RLVR taught the model nothing new. It just made the model a bit more consistent when you only generate a couple samples.
To be specific: best-of-2 went from 47.7% to 55.9%. That’s real if you’re paying per inference call in production. If you’re trying to crack problems the model doesn’t know how to solve, it’s irrelevant.
And then there’s the shaped rewards trap. The second RLVR run—the one that hit 48.6% pass@1 and beat Opus? It lowered the best-of-K ceiling from 72.1% to 64.0%. Same thing happened on the 30B model: SFT ceiling was 83.8%, RLVR dropped it to 79.3%.
Shaped rewards made the model more consistent at what it already knew, but narrowed its solution distribution. The model got better at finding one path to the answer, but forgot alternative paths. Binary rewards (pass/fail, nothing in between) preserved diversity better. The ceiling stayed at 72.1%.
This is the kind of thing you only see if you run best-of-K. If you only look at pass@1, shaped rewards look like a clear win. They’re not. They’re a tradeoff.
The actual ceiling is SFT data quality. 2,459 pairs.
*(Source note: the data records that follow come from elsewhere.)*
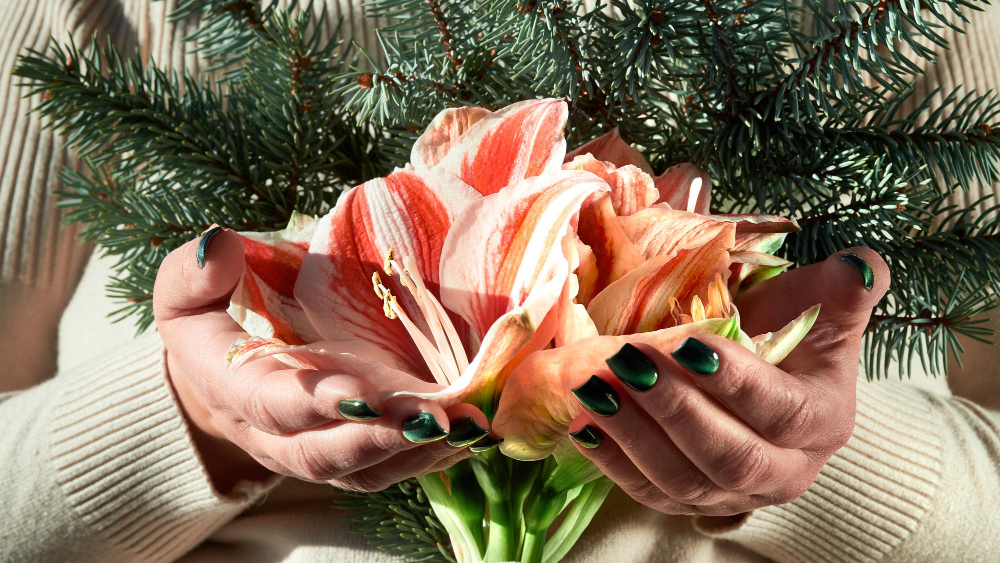 Unrecognizable Senior Woman Holds Amaryllis Winter Flower Fir Twigs Hands With Manicure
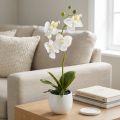 Orchidée artificielle blanche avec pot en céramique 33 cm | Floristik24.fr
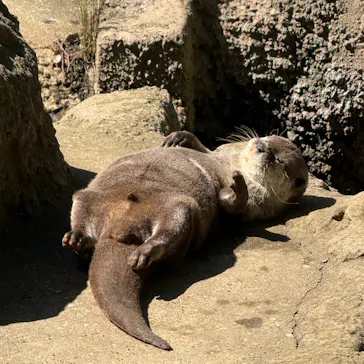千葉市動物公園に投稿された画像（2026/5/31）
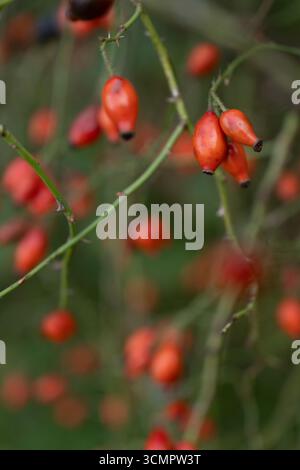 Vertikale Sicht der roten Hunderosen-Beeren auf Grün Stockfoto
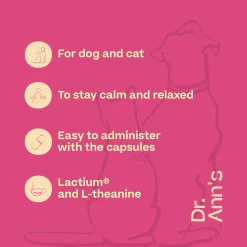 Dr. Ann's Stress Reduction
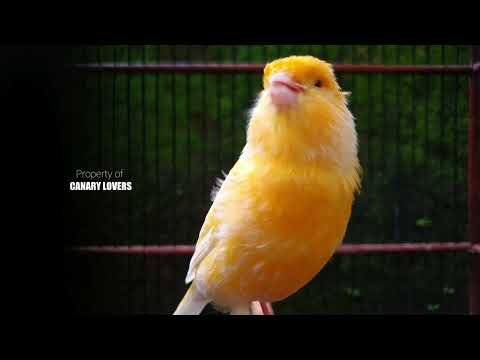 Видео: 17 | CUIT-CUIT❗ ПОЛНЫЙ ЭНЕРГИИ ❗❗Для дрессировки вашей молодой канарейки! #канарейка #мастеринг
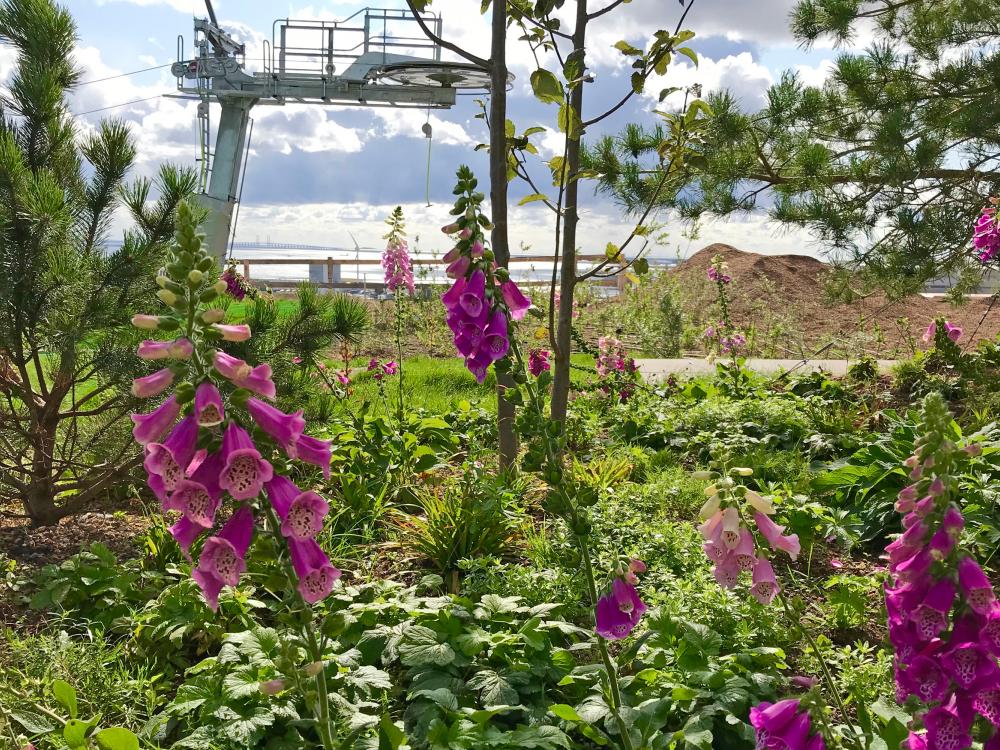 Foxgloves growing on a green roof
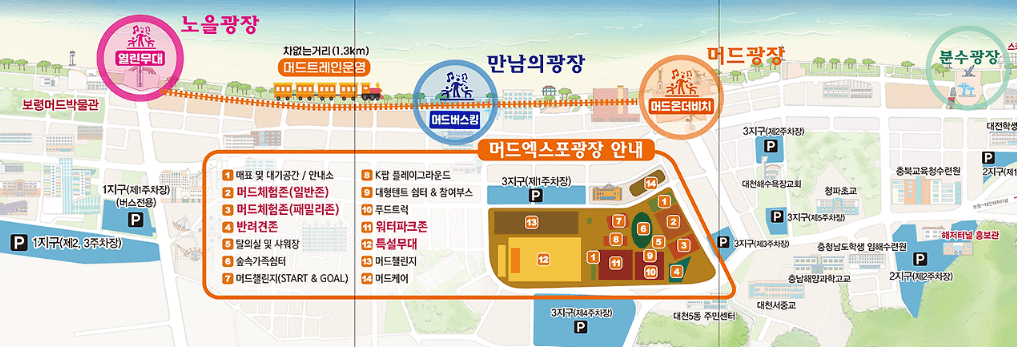 2024 보령머드축제 장소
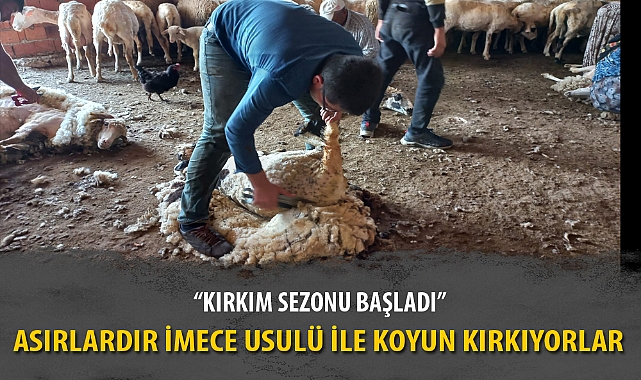 ASIRLARDIR İMECE USULÜ İLE KOYUN KIRKIYORLAR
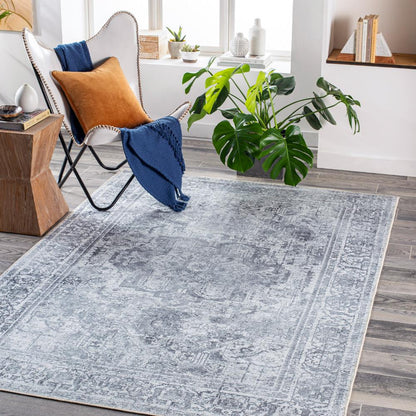 Livabliss - Tahmis 53inx73in Machine Woven Rug - THI2710-5373 veiw 2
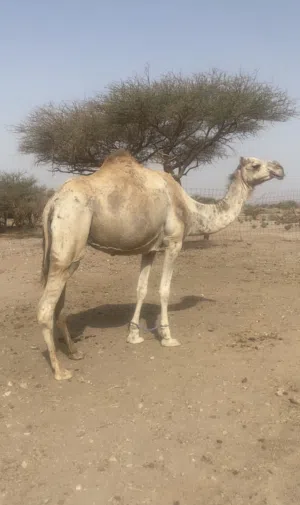 ناقه جاهزه للمناخ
The remaining tasks that never pass—those are real gaps. Weird APIs, tricky algorithms, Java interop stuff. More RLVR runs don’t move those.
# From benchmark to agent
The whole point wasn’t just leaderboard numbers. It was building something you could actually deploy.
Clojure is unusually good for this. The REPL gives you instant feedback. clj-kondo catches issues without running anything. clojure.test handles correctness. And because Clojure compiles per-form, not per-file, a function can fail without taking down the whole module. Python doesn’t give you that granularity.
I wired the 30B RLVR model into a pi-mono agent extension. You give it a task, it writes code, runs it through the verifier stack, and iterates until something passes. The test runner isn’t just the eval anymore, it’s the product.
JVM startup latency is real though. 2-3 seconds versus Python’s 50ms. Java stack traces are harder for an agent to parse than Python tracebacks. You only run into this stuff when you go from “can the model pass tests?” to “can an agent actually ship code?”
# What I actually learned
Best-of-K is the only eval metric to trust, because it tells you what the model knows versus how reliably it performs.
Shaped rewards are a tradeoff, not a free lunch. They raise pass@1 but lower the diversity ceiling. If your verifier only gives you pass/fail, that’s probably fine. If you’re building a graded reward signal, watch what it does to best-of-K, not just pass@1.
SFT did most of the heavy lifting. Model scale multiplied it. RLVR helped at the margins. Data was the bottleneck from day one. 2,459 pairs gets you far, but the ceiling is set by what the model has seen, not how many RL iterations you run on top.
The verifier loop is the product. The training was research.
# The honest takeaway
A 30B model trained on 2,459 Clojure pairs, with a test runner and 8 retries, hits 75.7%. GPT-5.4 gets 64% in one shot. The small model wins if you have a verifier and a budget for retries.
That isn’t really what people mean when they say a model “beats” another one.
But if you’re building something where you control the inference budget and have a verification pipeline, that gap between “sometimes” and “first try” is what you’re actually engineering around.
Doing it from a phone while Rich Hickey talked about simplicity in the background was fun though. Even if the RL didn’t do much.